All that is wanted is the exact text of the lines below from the one with "So as you can" through the one with "For further information", inclusive, minus any pictures.

*** Opening Dataset entries ***

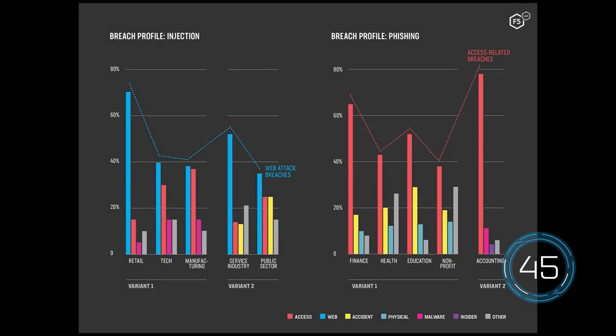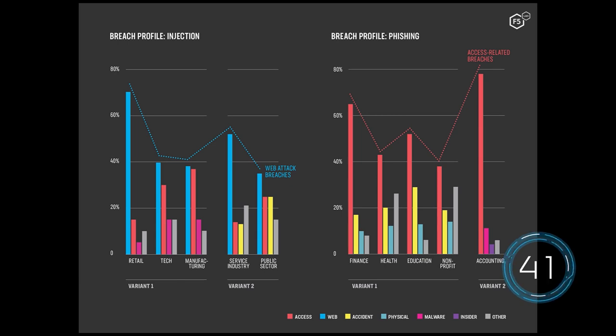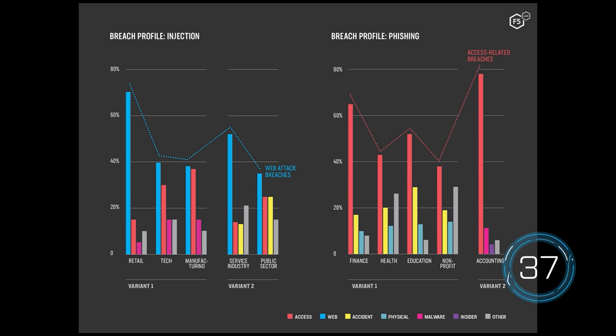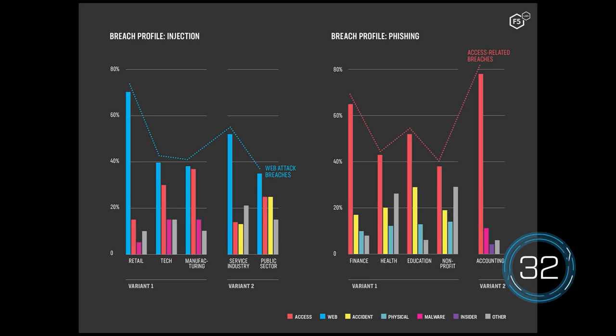Retail, which relies heavily on e-commerce transactions, had a disproportionately high rate of compromise by injection. Finance, health, education, nonprofit, and accounting were significantly more likely to be compromised through phishing or illicit email access.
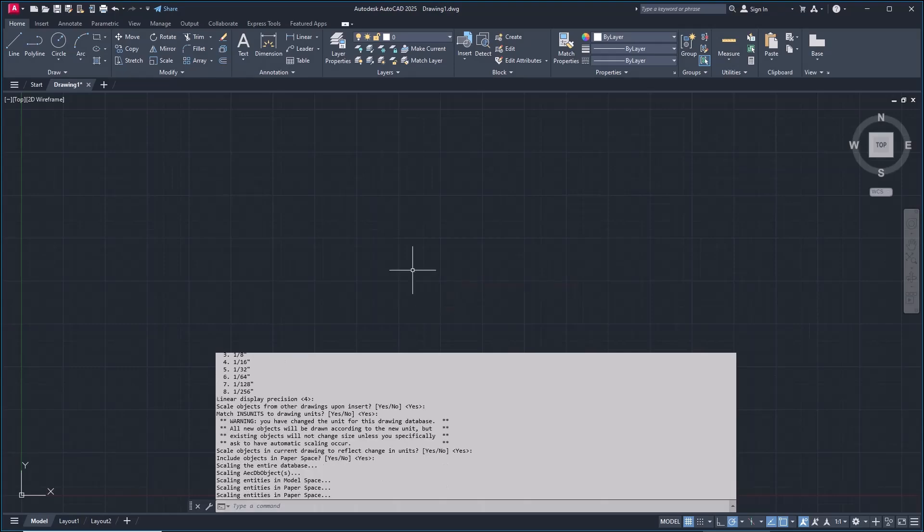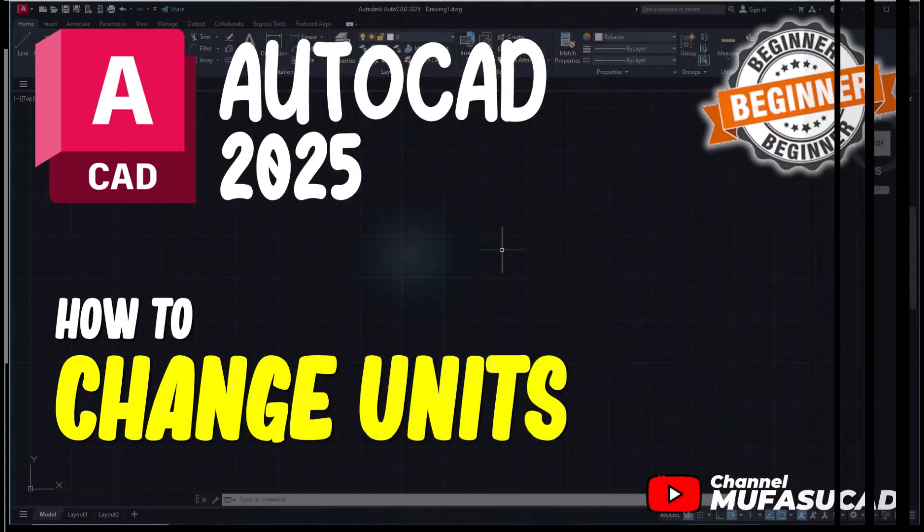Okay, that's it for basic AutoCAD 2025 how to change units. If you have any questions about this tutorial, you can comment below this video.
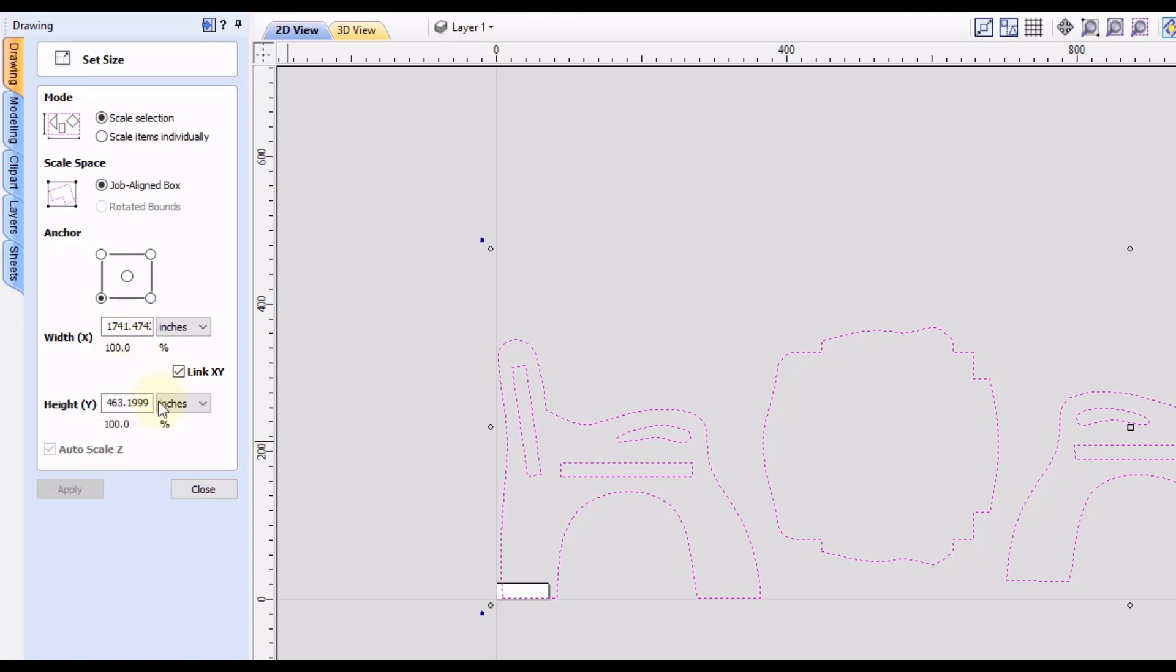So as you can see, our job is in inches. And right now, this measurement here would be the metric number. So we want to convert this number to inches.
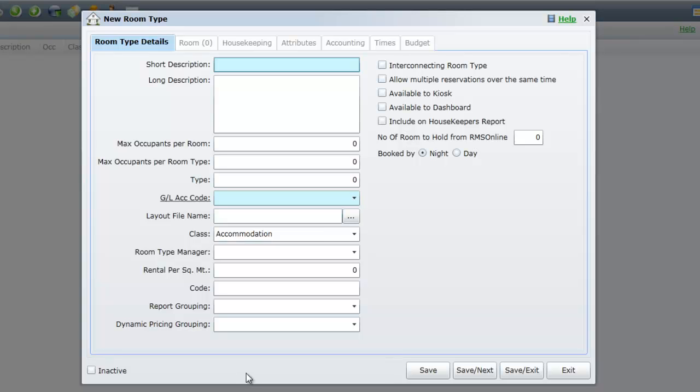For further information on each of the tabs that you see on this screen, select Help in the top right corner for a complete breakdown of all options.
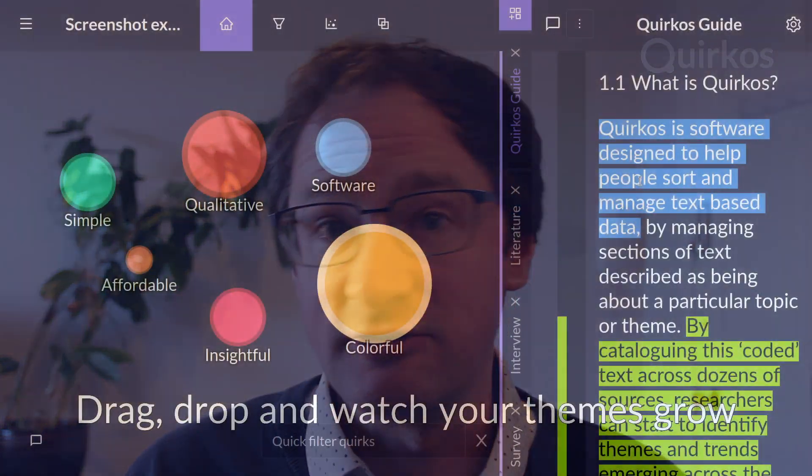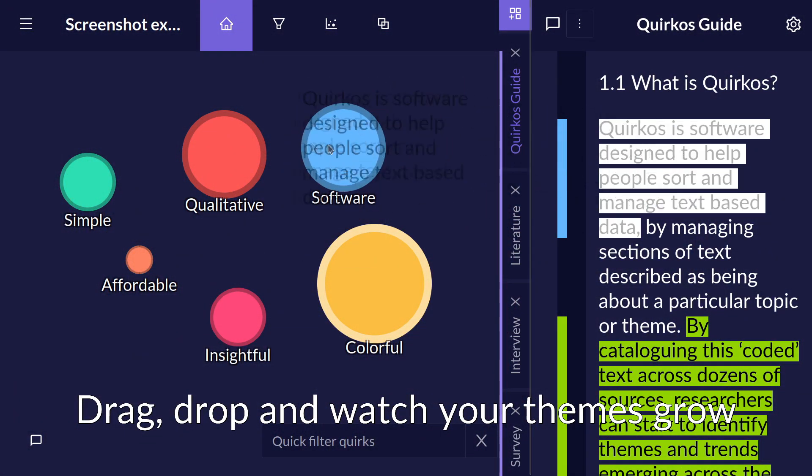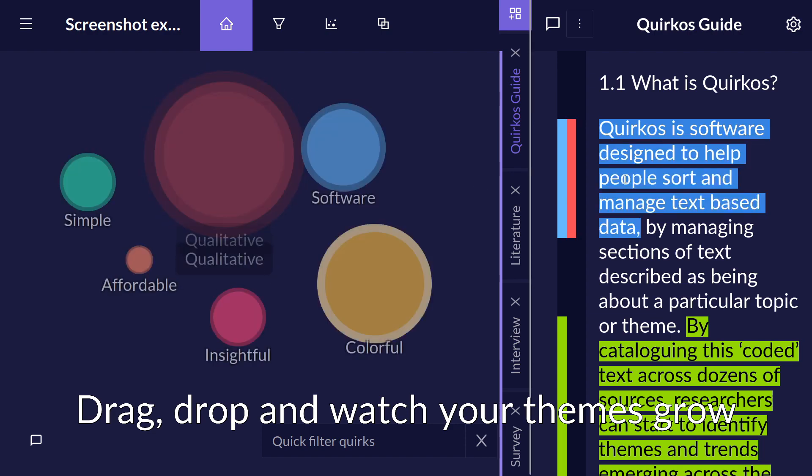Let's think about what actually would be getting saturated here. Is it your brain? Is it that you just can't think about anything more? Is the research project so complicated and are there so many different topics being said that you can't keep track of them? Well, that would be a good point to use a tool like Quircos to help you keep track of your themes and the data coming from them.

*** Closing Dataset entries ***

**Output:**
So as you can see, our job is in inches. And right now, this measurement here would be the metric number. So we want to convert this number to inches.
For further information on each of the tabs that you see on this screen, select Help in the top right corner for a complete breakdown of all options.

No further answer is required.